The six largest lenders advanced mortgages worth £113.8 billion in 2011, compared to £110.8 billion in the preceding year. However, despite increasing their amount of lending in absolute terms, their share of the total advanced showed a modest decline in 2011 (from 81.9% in 2010 to 80.7% last year).
Table One: Largest mortgage lenders by gross lending
The data show an expansion of lending activity by those lenders in the tier just below the largest six firms. The next five largest lenders on the list saw their market share increase from 9.9% in 2010 to 13.2% last year. In absolute terms, the amount they advanced increased to £18.7 billion from £13.3 billion in the preceding year.
The figures also show a pattern of increased market share in 2011 for larger mutual lenders. The Nationwide, Yorkshire, Coventry, Skipton and Leeds building societies all increased their market, as, among the banks, did HSBC, Barclays and some of the medium sized firms (Northern Rock and Clydesdale). Among this group, ING Direct has been, by some distance, the fastest-growing lender in relative terms over the last two years. Now ranked the 10th largest lender, ING Direct advanced mortgages worth £3 billion last year, compared with £1.1 billion in 2010 and £0.1 billion in 2009.
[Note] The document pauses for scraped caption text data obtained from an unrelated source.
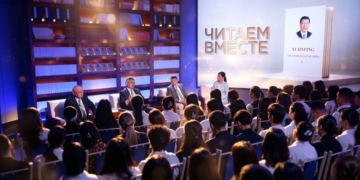 Читаем вместе! Новый телепроект Медиакорпорации Китая знакомит зрителей с литературными трудами Председателя КНР Си Цзиньпина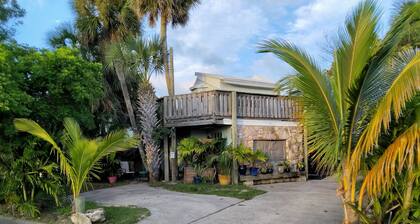 Legendary Beach Cottages: Your Coastal Paradise Awaits!"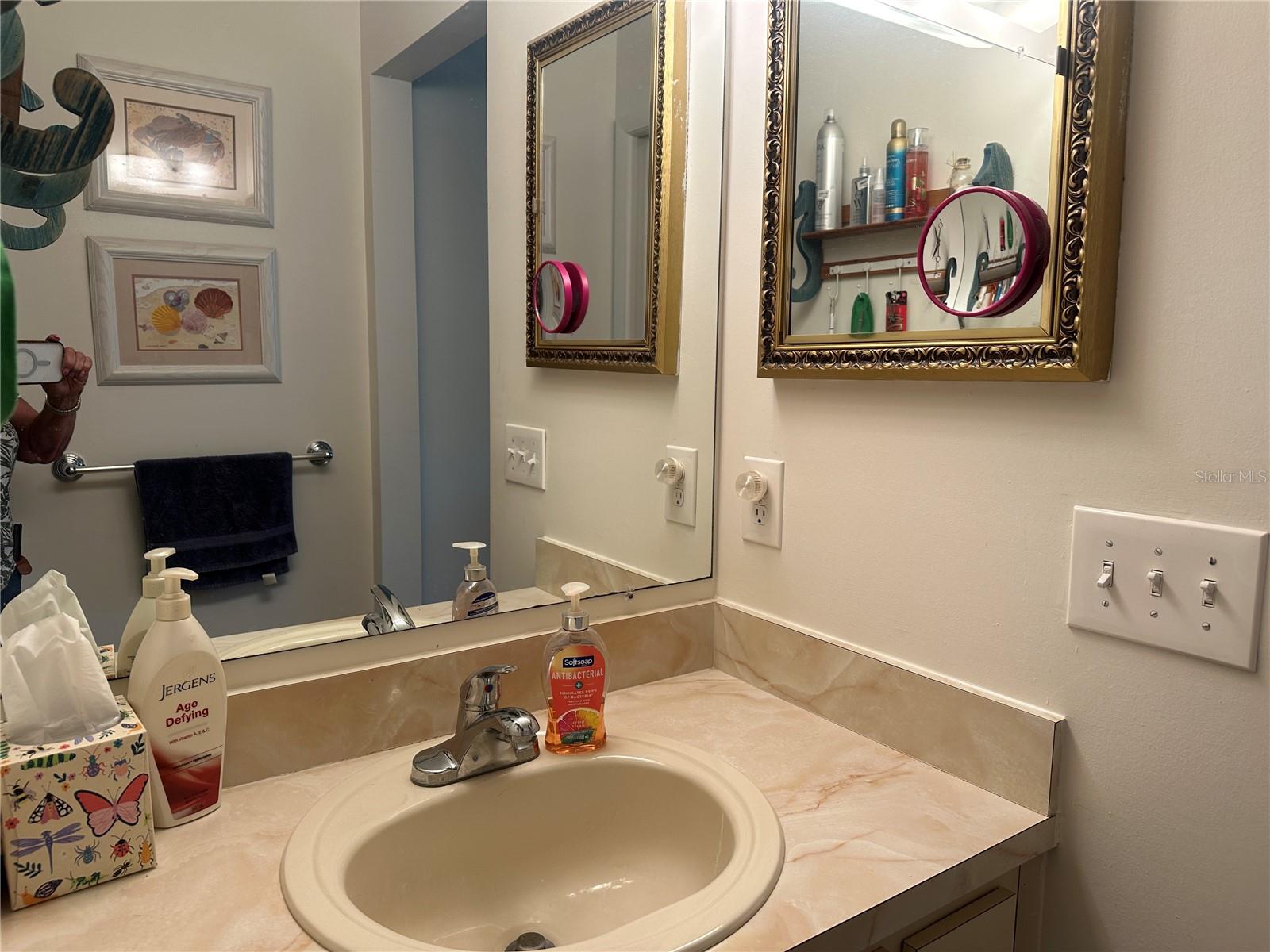 Image 18 of 41 For 12369 Dearborn Drive C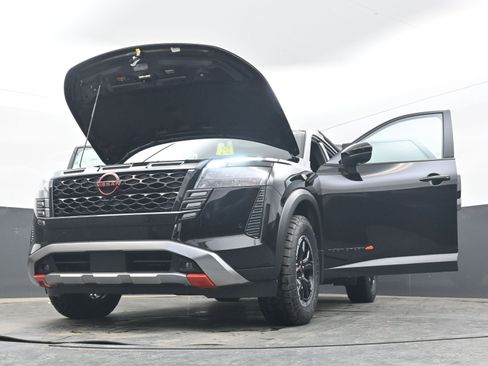 New 2026 Nissan Pathfinder Rock Creek AWD/4WD image 42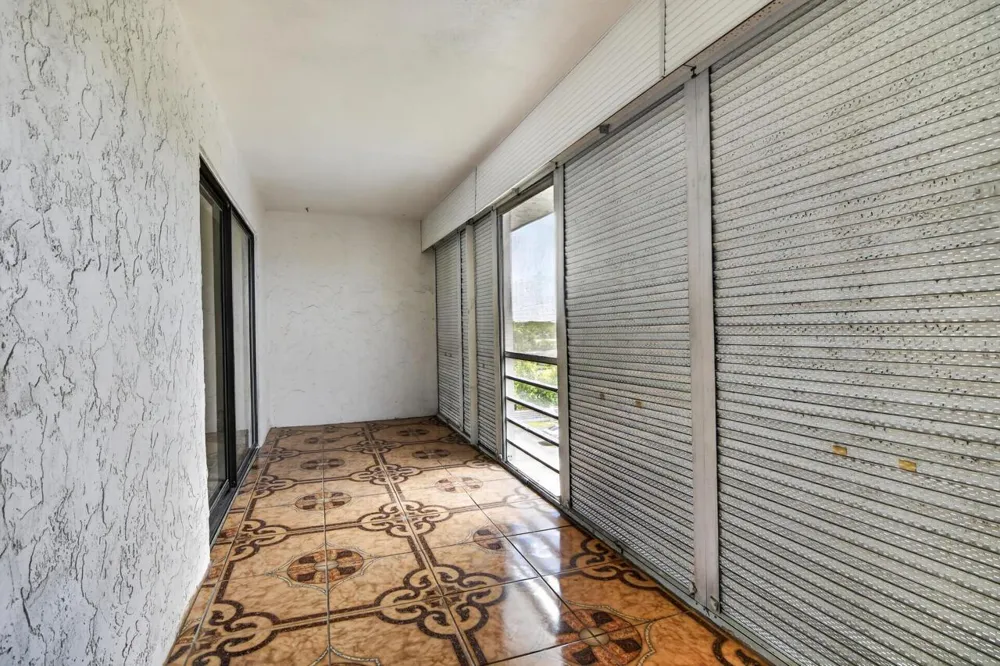 4140 NW 44TH AVENUE #411 Lauderdale Lakes, FL 33319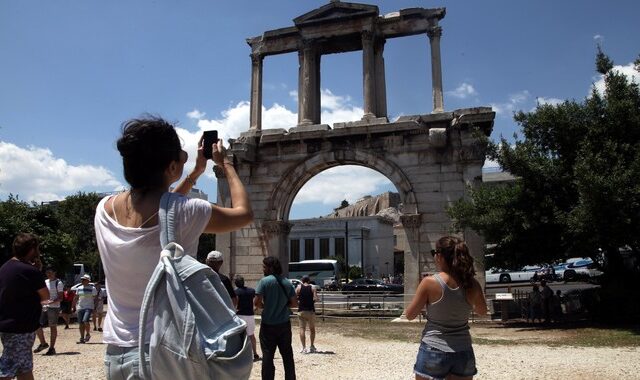Βουτιά κατά 7,9% στα έσοδα από τον τουρισμό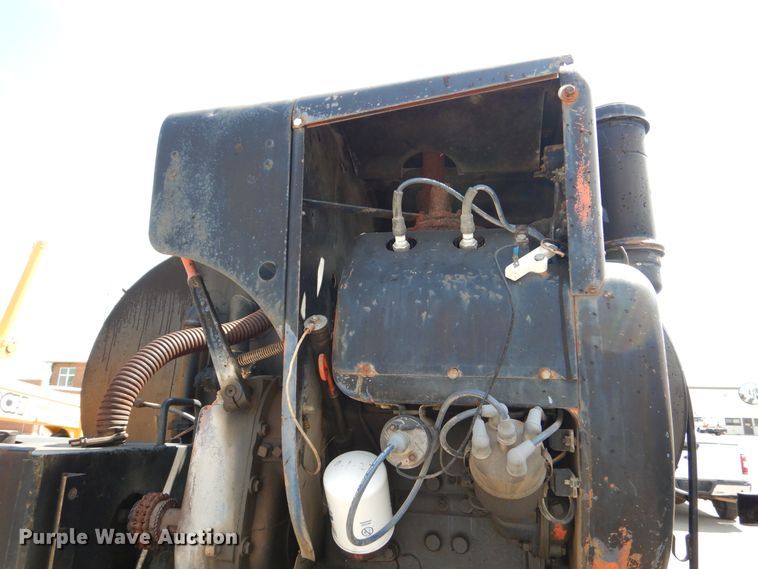 image for item DN8685 1988 GMC C6000 oil distributor truck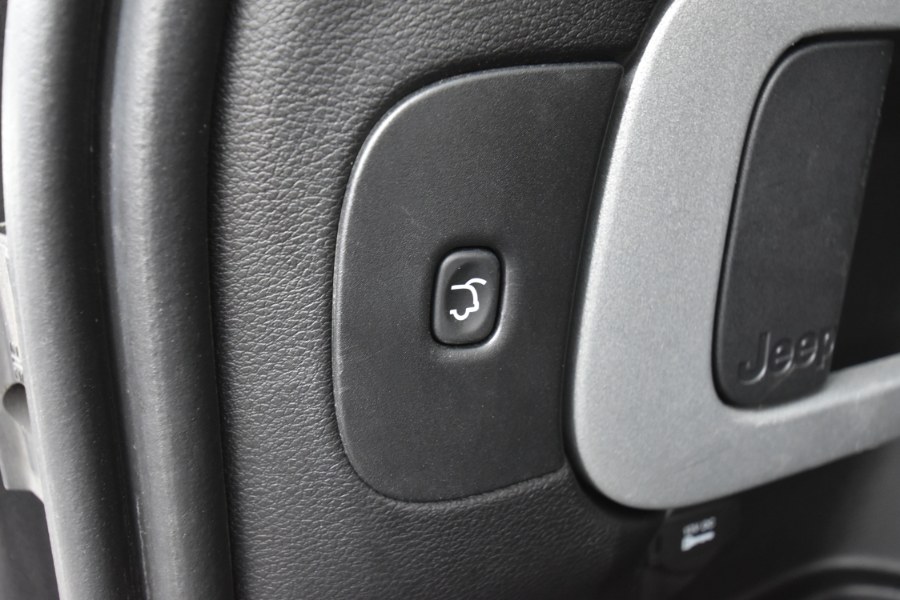 2015 Jeep Cherokee 4WD 4dr Trailhawk, available for sale in Waterbury, Connecticut | Highline Car Connection. Waterbury, Connecticut 2015 Jeep Cherokee 4WD 4dr Trailhawk, available for sale in Waterbury, Connecticut | Highline Car Connection. Waterbury, Connecticut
As in previous years, the lending totals in our tables are rounded to the nearest £100 million. Below the largest 20 lenders, this rounding effect produces a significant clustering of firms, with nominal lending totals of either £0.2 billion or £0.1 billion (this year’s list would have contained more than 20 lenders with these rounded totals). Last year’s list of the largest 30 lenders was beset by similar problems so, instead of producing another table with the bottom tier dominated by a large number of lenders reporting rounded lending totals that are neither particularly robust nor meaningful, we have decided to limit this year’s list to the 20 largest lenders.
Table Two: Largest mortgage lenders by balances outstanding
Looking at the data on balances outstanding (Table Two), there is much less movement, as we would expect. The size of the outstanding mortgage books of the six largest lenders was virtually unchanged in 2011, at £899.2 billion (£899.3 billion in 2010). In percentage terms, the largest six accounted for 72.2% of balances outstanding in 2011, compared with 72.6% in the previous year.
Below the top six, the next five largest lenders had balances outstanding of £148.5 billion in 2011 (11.9% of the industry’s total). This was somewhat lower than in the preceding year, when the same group of lenders had balances outstanding of £157.1 billion (12.7% of the industry’s total).